Without pictures, return the lines from the one containing "Watermelon Sugar Printed Surplice Top" through the last line of the data below, exactly.
== Data shown ==
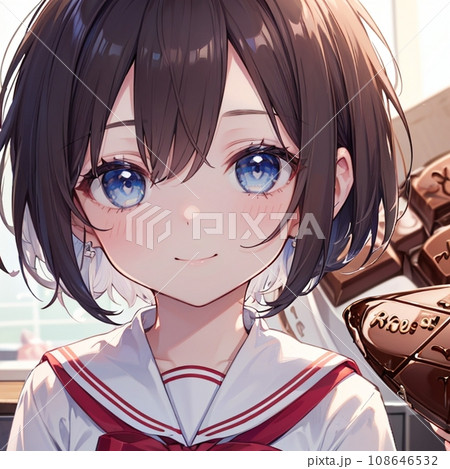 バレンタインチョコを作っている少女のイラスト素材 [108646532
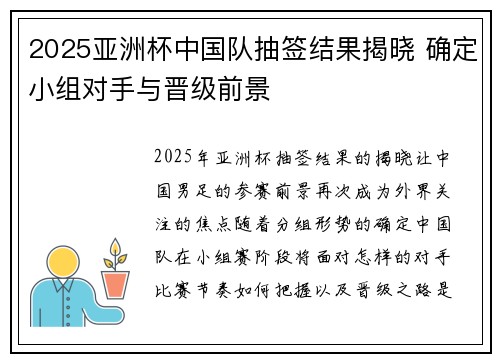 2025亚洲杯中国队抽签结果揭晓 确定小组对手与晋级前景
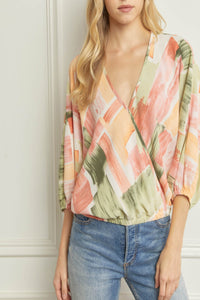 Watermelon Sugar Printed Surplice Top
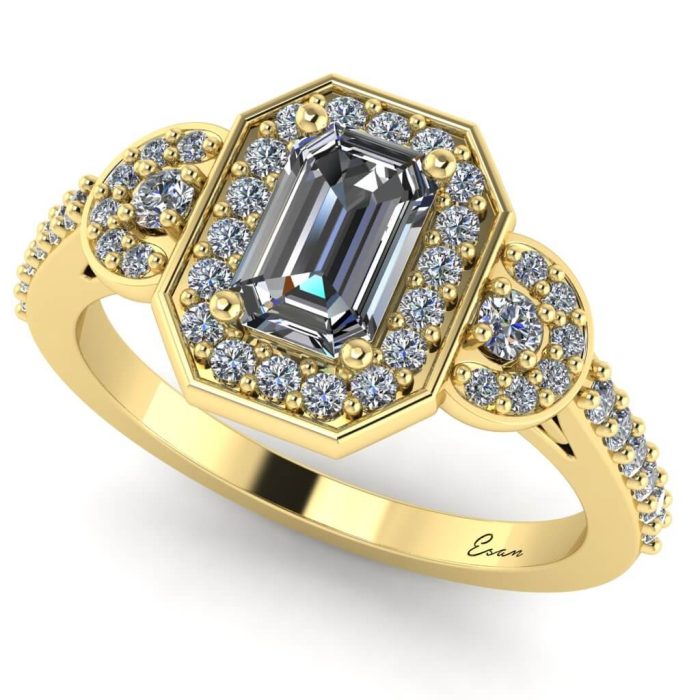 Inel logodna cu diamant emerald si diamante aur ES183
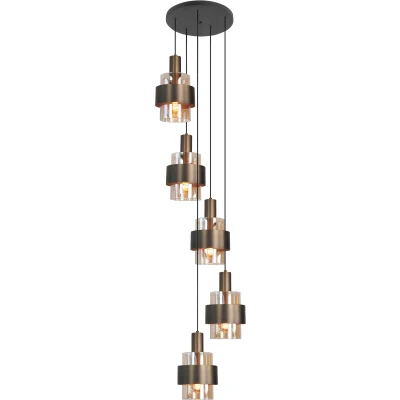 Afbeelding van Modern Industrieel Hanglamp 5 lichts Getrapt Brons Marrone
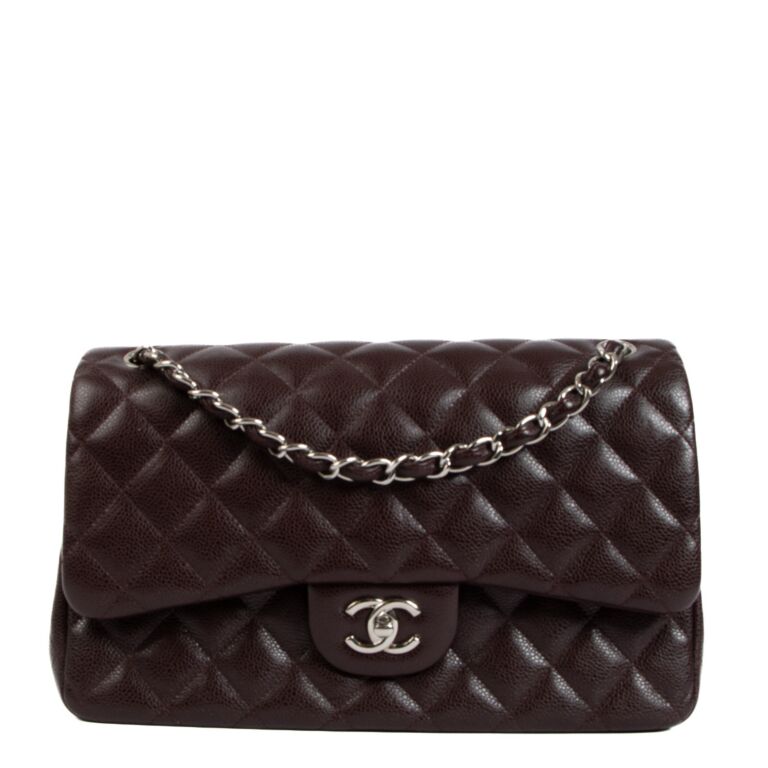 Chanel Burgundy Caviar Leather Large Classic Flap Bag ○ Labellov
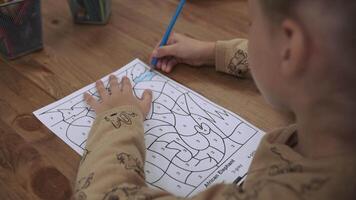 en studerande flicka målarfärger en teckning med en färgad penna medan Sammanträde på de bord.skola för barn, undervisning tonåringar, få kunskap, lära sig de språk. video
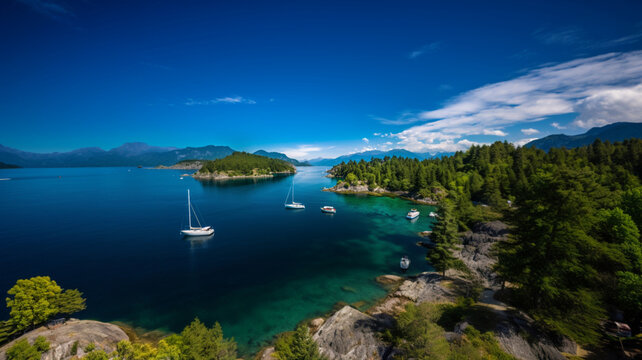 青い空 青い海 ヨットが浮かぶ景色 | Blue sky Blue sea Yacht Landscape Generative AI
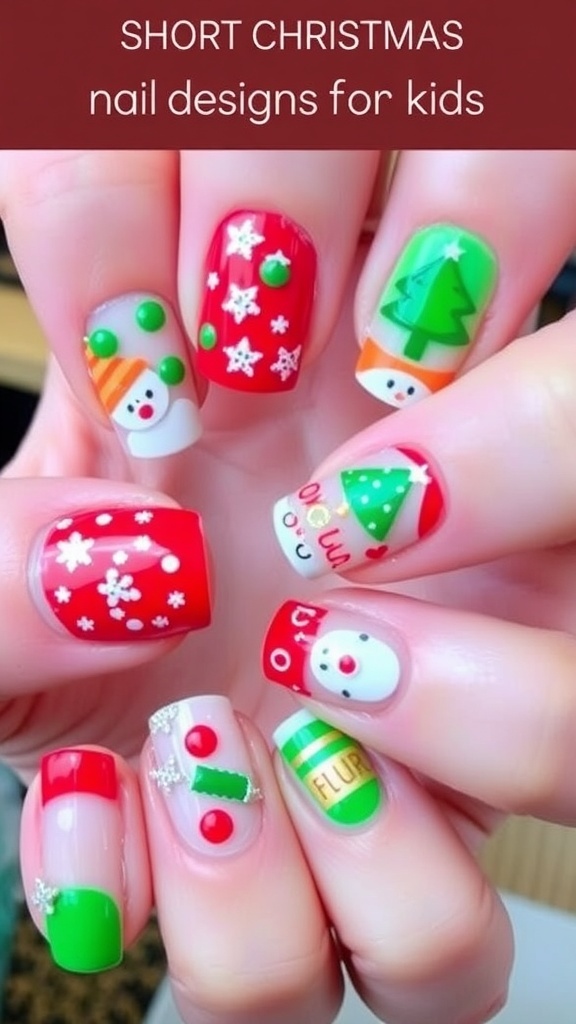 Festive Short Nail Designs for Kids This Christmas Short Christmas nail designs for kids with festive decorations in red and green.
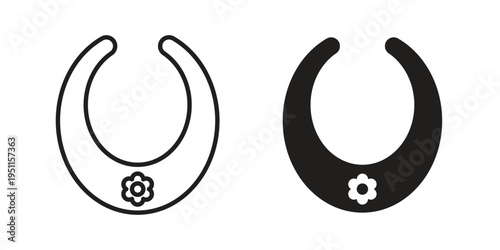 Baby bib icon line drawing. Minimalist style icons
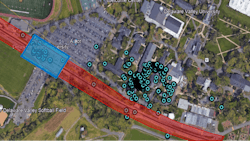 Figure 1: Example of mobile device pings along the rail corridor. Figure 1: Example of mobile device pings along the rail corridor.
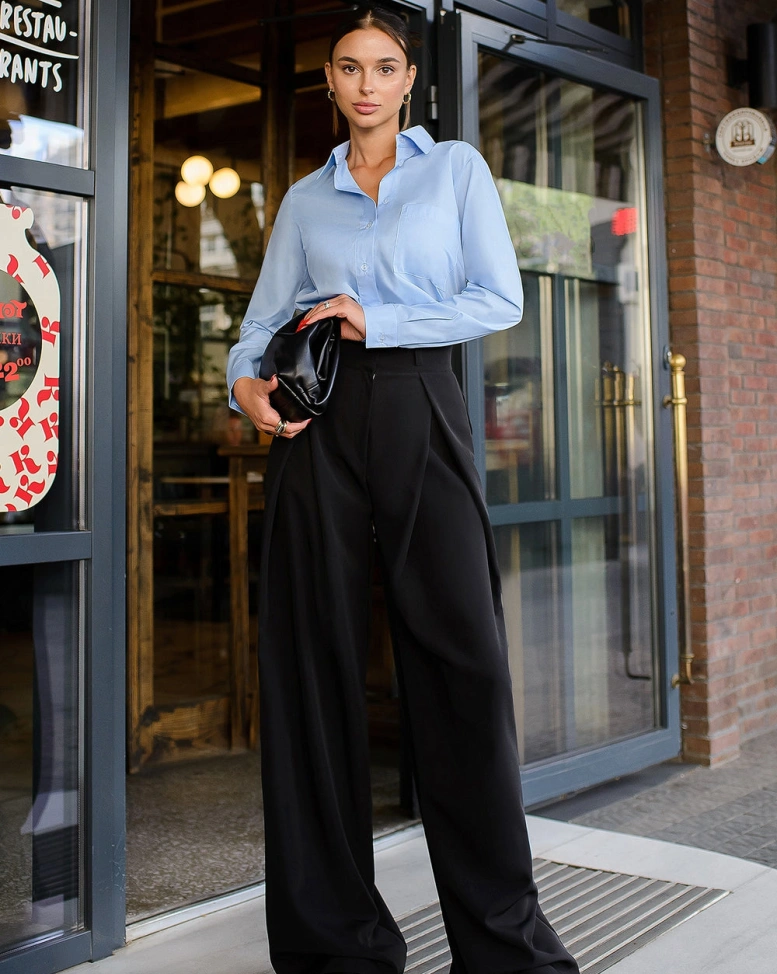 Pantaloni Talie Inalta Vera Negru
===
▶ [Output of the task]:
 Watermelon Sugar Printed Surplice Top
 Inel logodna cu diamant emerald si diamante aur ES183
 Afbeelding van Modern Industrieel Hanglamp 5 lichts Getrapt Brons Marrone
 Chanel Burgundy Caviar Leather Large Classic Flap Bag ○ Labellov
 en studerande flicka målarfärger en teckning med en färgad penna medan Sammanträde på de bord.skola för barn, undervisning tonåringar, få kunskap, lära sig de språk. video
 青い空 青い海 ヨットが浮かぶ景色 | Blue sky Blue sea Yacht Landscape Generative AI
 Festive Short Nail Designs for Kids This Christmas Short Christmas nail designs for kids with festive decorations in red and green.
 Baby bib icon line drawing. Minimalist style icons
 Figure 1: Example of mobile device pings along the rail corridor. Figure 1: Example of mobile device pings along the rail corridor.
 Pantaloni Talie Inalta Vera Negru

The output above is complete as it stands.